The first was from Microsoft, which announced the addition of IaaS to its Azure platform, along with a new management portal that may prove equally significant, for reasons I will give in a moment.
The second was from Google, at its IO 2012 conference, when it announced Google Compute Engine (GCE), which lets you launch Linux virtual machines (VMs) on Google's platform.
Google may be a new player in the IaaS market but you would also think that managing this stuff will come naturally to a company which has built its own search and cloud services on a massively scaleable cloud. Google also has a good track record in terms of reliability, when you look at its existing Google Apps services. It is not perfect; but then neither are others such as Amazon or Salesforce.com, both of which have occasional service interruptions.

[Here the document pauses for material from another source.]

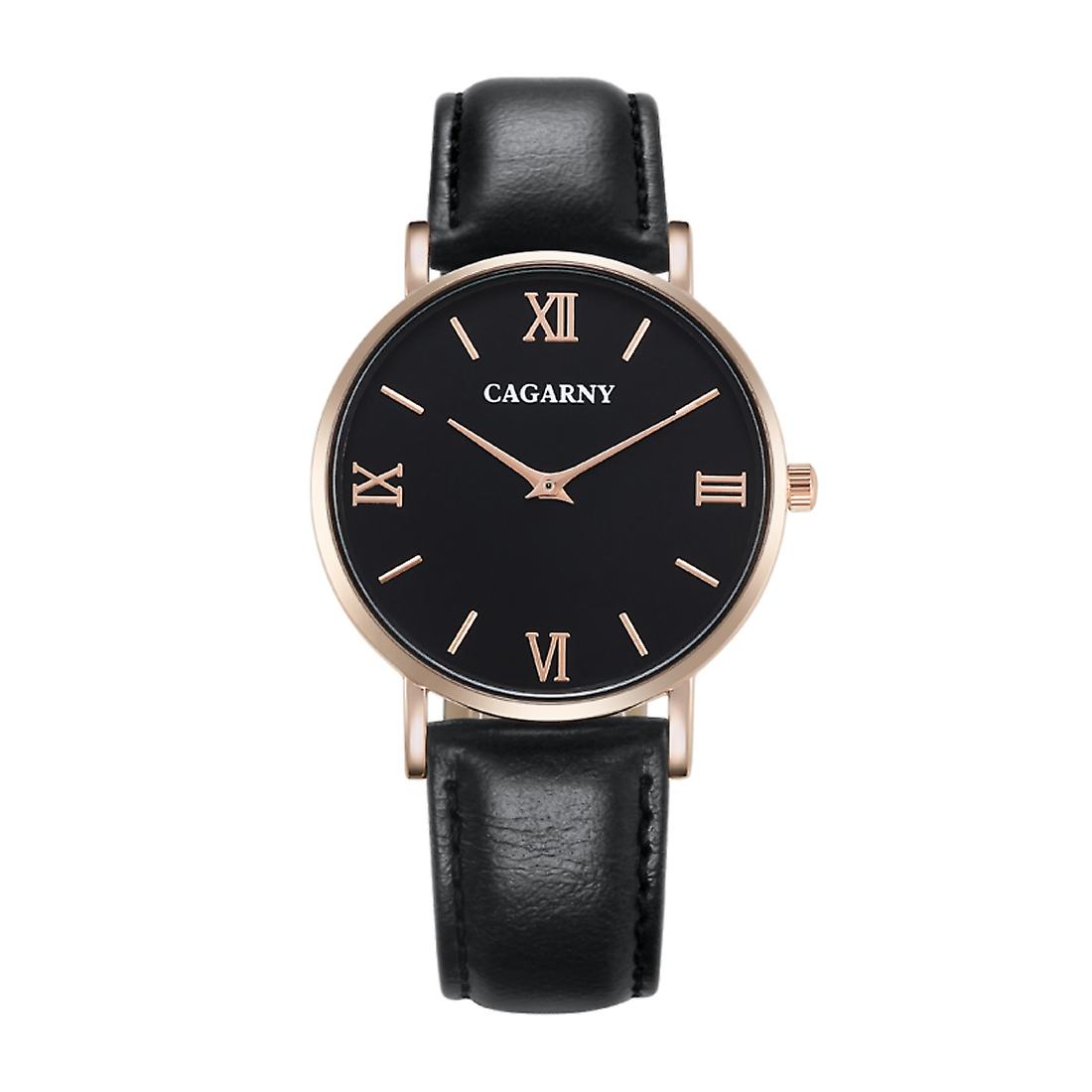 CAGARNY 6812 Round Dial Men Quartz Watch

In fact, one of the advantages of major new entrants into the market is the possibility of building fail-safe solutions across several cloud vendors, making it less likely that cloud downtime will cause severe loss of business.
What about Windows Azure? This one has made a big impression on me, partly because (unlike GCE) I have been able to try it out, as well as speaking to Microsoft Corporate VP Scott Guthrie about the new features.

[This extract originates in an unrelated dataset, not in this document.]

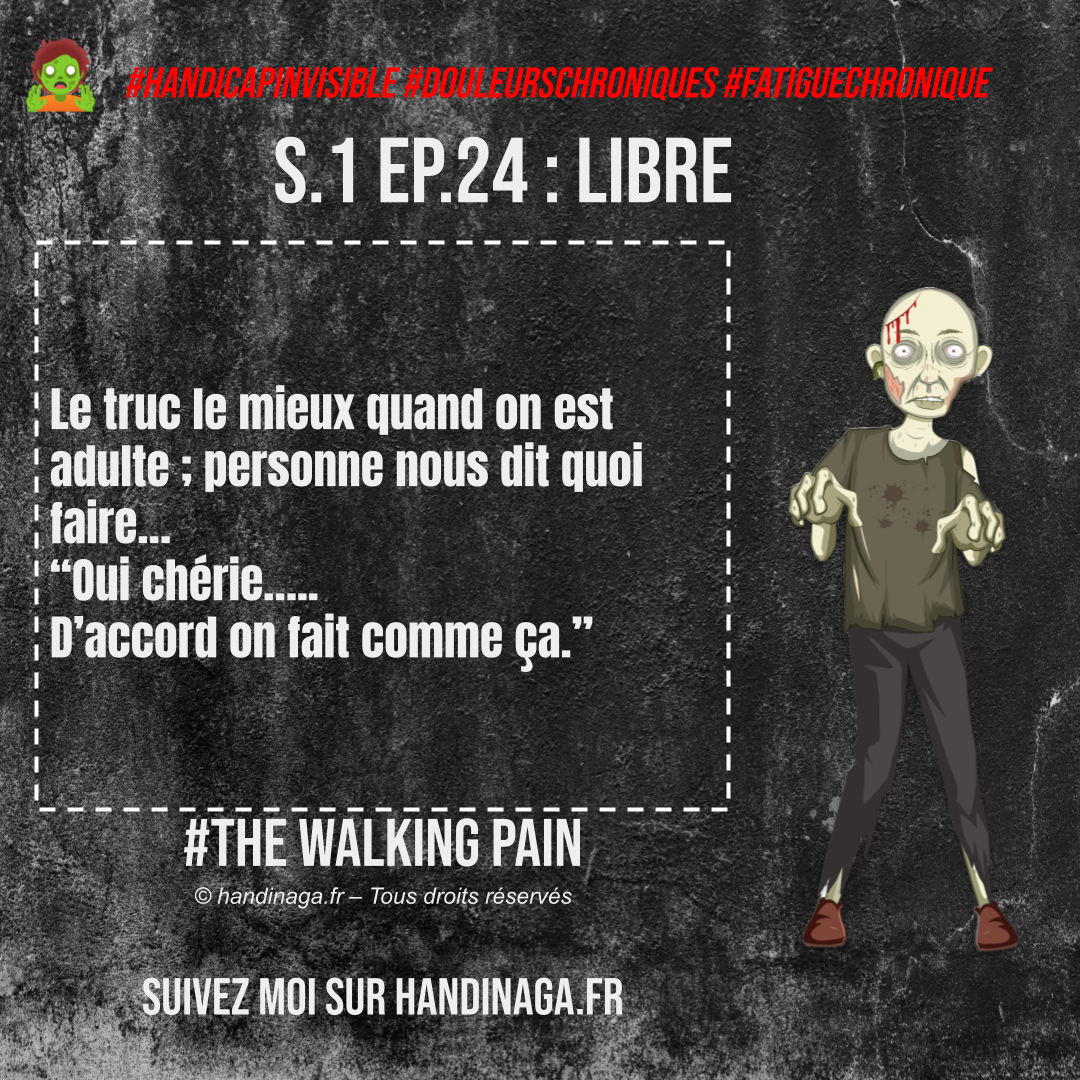 The walking pain S1 EP24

He told me how, soon after he moved to work on Azure in 2011, his team sat down and tried using the service, encountering numerous problems ranging from sign-up difficulties to problems finding documentation.

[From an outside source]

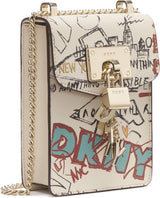 Damska torebka DKNY Elissa N/S Phone Cr Crossbody, torby damskie w jednym rozmiarze Naty Shop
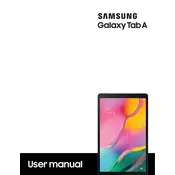 Samsung Galaxy Tab A 10.1 2019 Wi-Fi SM-T510NZDGXAR Tablet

Since then Microsoft has released not only a wide range of new features, including durable VMs alongside the existing stateless VMs, but also a new administration portal that is a pleasure to use.
Does that matter, when what really counts is the cloud technology, its performance and reliability?
I think it does. A good user experience changes behaviour. It is now so easy to log in and create a VM on Azure, that I will be using this myself when I need to spin up a server to test some software. Click Virtual Machine - From Gallery - pick an operating system - type a name and password, select a machine size, and it is done. A few minutes later you can log in with remote desktop and get working.
With a bit of effort, you can even connect Azure to your internal network.
If it is easy to get started, users are more likely to try it out and, all going well, start using the service in anger. My expectation is that Azure will see a lot more activity as a result.
It has taken too long, but Microsoft is now a real contender in cloud infrastructure.
With Google also coming into play, you may wonder if Amazon will finally feel some heat. I actually doubt that. It is a growing market, and Amazon is the leader by far.
It seems to me that it is more the other, smaller cloud hosters who should worry, as well as those in the on-premise server market. Increasingly, you will not only be testing your new solutions in the cloud, but deploying them there as well.